Apesar de não se tratar de uma ameaça “nova”, é preocupante a visibilidade que se tenta dar a esta hipótese, apresentada como um passo possivelmente “necessário
Silvina M. Romano, Arantxa Tirado e Aníbal García Fernández
Celag

Tradução:

Nestas últimas semanas, às já reforçadas medidas de pressão econômica por meio de sanções e a permanente pressão política e diplomática exercida por organismos internacionais, think tanks e empresas de comunicação hegemônicas, somam-se múltiplas afirmações, rumores e referências a uma possível intervenção militar em Venezuela.

Apesar de não se tratar de uma ameaça “nova”, é preocupante a visibilidade que se tenta dar a esta hipótese, apresentada como um passo possivelmente “necessário”, para legitimar um ato que implica em si mesmo a total ingerência em os assuntos internos de outro Estado, afetando diretamente a soberania territorial (que entre outras questões, viola o artigo 3° da Carta da OEA).[1] 

Do ponto de vista geopolítico e de segurança nacional, pode ser interpretada como “declarações de guerra”. No entanto, por estar avalizada pela comunidade internacional, é apresentada como ação necessária para garantir o “bem-estar do povo venezuelano”. 

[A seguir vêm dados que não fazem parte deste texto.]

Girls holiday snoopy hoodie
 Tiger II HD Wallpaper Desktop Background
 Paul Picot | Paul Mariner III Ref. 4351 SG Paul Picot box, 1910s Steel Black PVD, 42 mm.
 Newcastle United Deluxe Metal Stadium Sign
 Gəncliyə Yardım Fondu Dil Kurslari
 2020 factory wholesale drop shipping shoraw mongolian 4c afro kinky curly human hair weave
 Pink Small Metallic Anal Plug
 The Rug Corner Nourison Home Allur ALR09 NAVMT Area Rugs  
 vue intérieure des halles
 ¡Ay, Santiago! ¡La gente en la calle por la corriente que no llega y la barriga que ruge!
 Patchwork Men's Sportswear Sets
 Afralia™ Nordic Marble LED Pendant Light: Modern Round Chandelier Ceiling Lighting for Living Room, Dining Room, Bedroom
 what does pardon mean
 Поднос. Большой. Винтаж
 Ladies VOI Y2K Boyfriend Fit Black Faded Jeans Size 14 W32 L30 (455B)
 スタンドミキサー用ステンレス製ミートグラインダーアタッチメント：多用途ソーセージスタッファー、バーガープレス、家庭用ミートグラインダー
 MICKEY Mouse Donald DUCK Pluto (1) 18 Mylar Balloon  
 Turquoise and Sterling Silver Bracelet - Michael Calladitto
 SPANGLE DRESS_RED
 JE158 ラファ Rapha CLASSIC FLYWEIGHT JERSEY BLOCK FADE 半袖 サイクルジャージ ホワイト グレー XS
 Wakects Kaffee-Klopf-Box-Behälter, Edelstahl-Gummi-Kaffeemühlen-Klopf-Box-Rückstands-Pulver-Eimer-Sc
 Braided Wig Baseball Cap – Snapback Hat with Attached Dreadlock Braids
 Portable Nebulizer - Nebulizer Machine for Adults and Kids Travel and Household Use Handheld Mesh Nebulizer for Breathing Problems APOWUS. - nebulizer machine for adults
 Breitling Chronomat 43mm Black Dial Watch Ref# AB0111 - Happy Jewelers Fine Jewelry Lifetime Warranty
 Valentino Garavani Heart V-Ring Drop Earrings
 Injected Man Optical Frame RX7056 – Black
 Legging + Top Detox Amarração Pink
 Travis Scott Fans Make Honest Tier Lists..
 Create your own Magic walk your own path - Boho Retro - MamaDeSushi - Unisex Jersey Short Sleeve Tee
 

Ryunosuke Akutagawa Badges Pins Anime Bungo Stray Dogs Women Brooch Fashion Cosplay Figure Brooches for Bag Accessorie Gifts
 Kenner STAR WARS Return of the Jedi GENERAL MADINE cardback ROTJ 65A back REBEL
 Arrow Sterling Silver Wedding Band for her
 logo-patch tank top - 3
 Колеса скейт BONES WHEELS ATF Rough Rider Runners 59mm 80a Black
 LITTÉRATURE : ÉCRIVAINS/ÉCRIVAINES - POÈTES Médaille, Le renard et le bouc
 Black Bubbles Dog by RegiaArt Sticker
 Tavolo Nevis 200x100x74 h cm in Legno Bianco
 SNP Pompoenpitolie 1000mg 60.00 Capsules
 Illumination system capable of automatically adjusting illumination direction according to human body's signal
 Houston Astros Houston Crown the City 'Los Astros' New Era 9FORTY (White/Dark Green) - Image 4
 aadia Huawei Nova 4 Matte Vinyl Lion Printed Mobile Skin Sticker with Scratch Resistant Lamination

Diferentes funcionários públicos e organismos do Governo dos EUA têm dado declarações e tomado decisões que apelam de modo direto ou indireto a uma  possível intervenção militar na Venezuela:

  • Em 2015, foi divulgado que o Comando Sul preparou um operativo de intervenção na Venezuela partindo de Honduras.
  • Em 2017, Trump insinuou a possibilidade de realizar uma intervenção militar na Venezuela. O presidente colombiano afirmou que essa não era a via indicada. – Segundo o orçamento do Pentágono (Departamento de Defesa) para 2019, pretende-se aumentar em 25.900 efetivos as forças militares dos EUA.[2] – A Estratégia de Segurança Nacional para 2018 aborda explicitamente a necessidade/urgência de propiciar uma mudança de regime na Venezuela — e também em Cuba. – Em fevereiro 2018, o Secretário de Estado dos EUA, em sua visita pela América Latina, disse que, no caso da Venezuela, os militares poderiam intervir para promover uma mudança democrática. 

Opinião especializada:

  • Think tanks influentes dos EUA vêm publicando análises nas quais se aborda a hipótese de intervenção militar em Venezuela. Em um artigo da revista Foreign Affairs, por exemplo, se esclarece que uma intervenção militar é um assunto delicado, porque nem sempre gera os resultados esperados de modo imediato e, no caso da Venezuela, poderia conduzir a anos de ocupação militar (o que é concebido como sendo pouco rentável). Especula-se que o resultado que teria o uso da coerção através de uma demonstração de força o suficientemente crível como para “convencer o alvo de que ele será castigado se não mudar de opinião: Para convencer Maduro a negociar com a oposição e restituir a lei, Washington deveria acionar um porta-avião e um ou dois destroieres para a região”. Outra alternativa seria a de um ataque aéreo para buscar a divisão interna das Forças Armadas Venezuelanas, conseguindo um golpe militar contra Maduro que permita a intervenção das forças armadas dos EUA junto com exércitos latino-americanos. Destaca-se, no entanto, que esta situação pode levar a uma desestabilização tamanha que demandaria a presença de 200 mil soldados na Venezuela até que o cenário se restabelecesse.[3]
  • Outros think tanks que defendem a liderança dos EUA quanto às soluções diante do “problema venezuelano” detalham a possibilidade de alguma saída militar. O diretor do Inter American Dialogue, Michael Shifter, disse, com respeito a declarações do presidente da Colômbia, Juan Manuel Santos, contra Venezuela: “As fortes palavras de Santos contra o Governo de Maduro e a rejeição a suas eleições expressas indicam que a Colômbia sente o mesmo que os Estados Unidos com relação à Venezuela…”.[4] – Moisés Naím, um dos acadêmicos com maior presença em meios hegemónicos e também membro do Inter American Dialogue declarou que “Nicolás Maduro é o Saddam Hussein da América Latina”, mas também se preocupou em “descartar” a saída militar como solução possível.[5] A referência à saída militar é uma forma de outorgar-lhe visibilidade como palco possível. – Outros think tanks convocam a uma oposição aberta ao chamado de eleições: A Washington Office on Latin  America (WOLA) convoca diretamente a comunidade internacional a opor-se ao chamado para as eleições na Venezuela, por serem ilegais e ilegítimas.[6] Também adverte sobre a inconveniência de aprofundar sanções econômicas, em particular o embargo ao petróleo venezuelano [ver mais abaixo]. 

Opinião Pública:

Empresas de comunicação Boa parte desses relatórios e análises dos think tanks são reproduzidos pelas grandes empresas de comunicação.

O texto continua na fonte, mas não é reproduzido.